1 「先生こそ立派なお医者さんになってください」

 出産事故の医療裁判で、責任を認める和解が成立した期日で、出頭した被告医師が「申し訳ありませんでした。どうぞお子さんを立派に育ててください。」と頭を下げました。
 これを聞いた母親は、障害を持った我が子を抱きしめながら、「先生に言われなくてもこの子は立派に育てます。先生こそ立派なお医者さんになってください。」と言い放ったのです。
 この裁判は、障害をもった我が子とともにどう生きていくか、を追求していく裁判でもありました。この一言はそれを見いだした母親が放った一言だと思います。それが何よりの裁判の成果でした。

2 「自慢の息子を亡くしました」

 この一言も、同様に出産事故で我が子が脳性麻痺になった事件の母親の言葉です。この事件は一審敗訴しましたが高裁で巻き返し、勝利的和解をしました。それを待っていたかのように、その子は亡くなってしまいました。その葬儀に駆けつけたときに、私の顔を見るなり母親は「残念です。自慢の息子を亡くしました」と述べたのです。
 とかく障害を持った子供を抱えた親は「この子さえいなければ」という気持ちになりがちです。

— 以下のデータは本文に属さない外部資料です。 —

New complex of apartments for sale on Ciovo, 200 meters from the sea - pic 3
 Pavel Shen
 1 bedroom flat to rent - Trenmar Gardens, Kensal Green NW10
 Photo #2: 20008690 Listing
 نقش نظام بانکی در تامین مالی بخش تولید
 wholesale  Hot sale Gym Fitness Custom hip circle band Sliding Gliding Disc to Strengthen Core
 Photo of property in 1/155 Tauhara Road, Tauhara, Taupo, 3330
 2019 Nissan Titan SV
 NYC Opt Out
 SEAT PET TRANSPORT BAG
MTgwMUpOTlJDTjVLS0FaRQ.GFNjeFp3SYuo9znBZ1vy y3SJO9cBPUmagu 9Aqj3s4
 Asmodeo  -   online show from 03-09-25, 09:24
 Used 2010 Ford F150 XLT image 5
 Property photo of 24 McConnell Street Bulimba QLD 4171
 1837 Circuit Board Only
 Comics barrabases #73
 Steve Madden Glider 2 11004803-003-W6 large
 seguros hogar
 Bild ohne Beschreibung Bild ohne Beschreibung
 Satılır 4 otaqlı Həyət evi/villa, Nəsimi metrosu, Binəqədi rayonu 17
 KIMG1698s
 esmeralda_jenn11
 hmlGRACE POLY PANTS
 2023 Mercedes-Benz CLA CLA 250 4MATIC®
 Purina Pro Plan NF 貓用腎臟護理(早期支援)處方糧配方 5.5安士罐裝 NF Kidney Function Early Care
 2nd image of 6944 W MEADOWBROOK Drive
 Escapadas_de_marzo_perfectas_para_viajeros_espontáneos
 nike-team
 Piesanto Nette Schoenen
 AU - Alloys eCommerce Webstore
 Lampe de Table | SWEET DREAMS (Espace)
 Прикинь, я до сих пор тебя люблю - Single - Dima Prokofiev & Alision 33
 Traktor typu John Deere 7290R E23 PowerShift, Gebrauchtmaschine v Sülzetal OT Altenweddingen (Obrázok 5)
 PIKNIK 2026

この母親は、医療裁判に取り組む中で、同じような医療被害者と出会い、多くのことを学び、第二子も産みました。
 葬儀では、亡くなったお子さんの顔を見せてもらいました。顔中にテープを貼った跡がありました。たくさんのチューブを入れていたことがわかりました。寝たきりで毎日病気と闘っている我が子を見てきたので、母親は「自慢の息子」と言えたのだと思います。

3 「皆さんの支援で得たこの勝利を糧にこれから頑張っていこうと思います」 

 胃全摘手術で投与された高カロリー輸液にビタミンB1が添加されていなかったためにウェルニッケ脳症となり、重度の記憶障害を遺した男性の一言です。判決で全面的に勝利した後の報告会でこのように挨拶しました。
 ごくありきたりの言葉に聞こえますが、私には感動的でした。彼は数時間経つと記憶が消えてしまいます。判決も「かけがえのない妻や子供らとの思い出を記憶として残しておくことができない無念さは察するに余りある」と述べています。これまでの彼の挨拶も「今自分がどうしてこのような場所にいるのか正直言って驚いています」というのが定番でした。「頑張っていく」などという言葉は聞いたこともありませんでした。それが多くの人たちの支えで裁判に勝ったことで、彼をして「この勝利を糧にこれから頑張っていこうと思います」と言わしめたのだと思います。これからの生きる道筋をしっかりつかんだ一言と感じました。

4 「先生個人への悪感情は不思議なほどありません」

 双子を出産した母親が弛緩出血で亡くなったケースです。原因は輸血量が不足していたためでした。都内の基幹病院での医療事故です。
 この件は、病院での説明会などを経て示談で解決しました。説明会で夫が主治医に問い質し、主治医に「輸血への対応が足りなかったと認めざるを得ません」と白状させたのが決め手となりました。示談書の調印の際に、最後に夫からあったのがこの発言です。夫は「先生個人への悪感情は不思議なほどありません。うまくいって当然、失敗すれば非難を受ける立場は大変だと思います。この件が慎重さを増す結果となっても、心に重荷として残らないことを望んでいます」と締めくくりました。説明会も含め本人とともにじっくり取り組んだことが、この言葉に結実したのだと思います。


 医療事故における医師・医療機関の責任追及の目的は、被害者が被害を克服し、前向きに生きる道筋を見いだすことにあると思います。これらの「一言」には、それが凝縮されていると思います。